West mocked artists who "love everybody except themselves," calling it "cliché media training." He also made it clear he's not planning to shut up anytime soon.
"I said I was the face of the Grammys last year. I'm 10 times that [this year]," West said. "Get your cameras ready. Two things: Do not let me get up on that stage and do not let me get up on that stage. Either way, we going crazy!"
The Grammy nominees will be announced on Thursday, and the ceremony is scheduled for February 8 in Los Angeles.
Last fall, West attacked the American Music Awards backstage at the event after losing Best New Artist to Gretchen Wilson. That tantrum made West a focus at the Grammys in February, where he was the leading nominee (with 10) and won three awards, including Best Rap Album for The College Dropout and Best Rap Song for "Jesus Walks" (see "Kanye Steals The Show, But Ray Dominates Grammy Winners' Circle"). In Sunday's Los Angeles Times, critic Robert Hilburn wrote that the Recording Academy, which organizes the Grammys and is considered by some to be late in recognizing new artists, could reclaim credibility this year by giving West the Album of the Year. There was no mention of West's rants.

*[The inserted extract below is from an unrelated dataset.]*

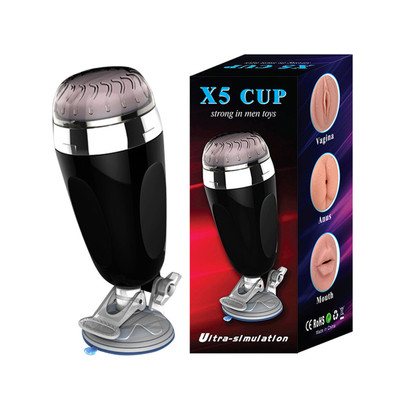 Foto 2 do produto Masturbador Lanterna no Formato de Vagina Realística em TPE com Cerdas Internas e Base em Ventosa - X5 Cup | 10,5 x 3,5 cm
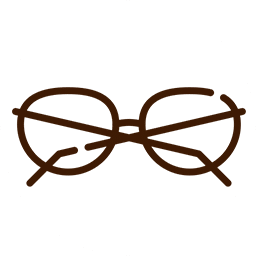 Simple line drawing of glasses with oval lenses and a thin frame, positioned on a white circular background, reminiscent of the meticulous precision needed in a veterinarian's toolkit.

Also on Monday, West revealed the next single from Late Registration will be "Touch the Sky," which in some ways is a response to his critics.
"'Touch the Sky' is what my life is about, it's what this year's been about," he said. "To anyone that feels like something is so far away, [the song is] just the concept of actually being able to leap above the environment that you're in. All the naysayers and the haters and people say, 'You'll never make it that far, you'll never make it out of this town, we'll call you,' and all those things, and finally you get the opportunity to touch the sky. That's what this year's about, so no matter what they give to me or try to take from me, there's nothing you can take from me. We've already touched the sky.
"With or without any accolades, whatever it is, the fact that people listen to this music and it's connected with people, the fact that you see fans crying in the audience — you can't tell me anything after that because there's so many places and establishments where people are out of touch," he continued. "When someone hears your song and cries, then you're in touch and that's what matters. At that point, you feel like you've touched the sky."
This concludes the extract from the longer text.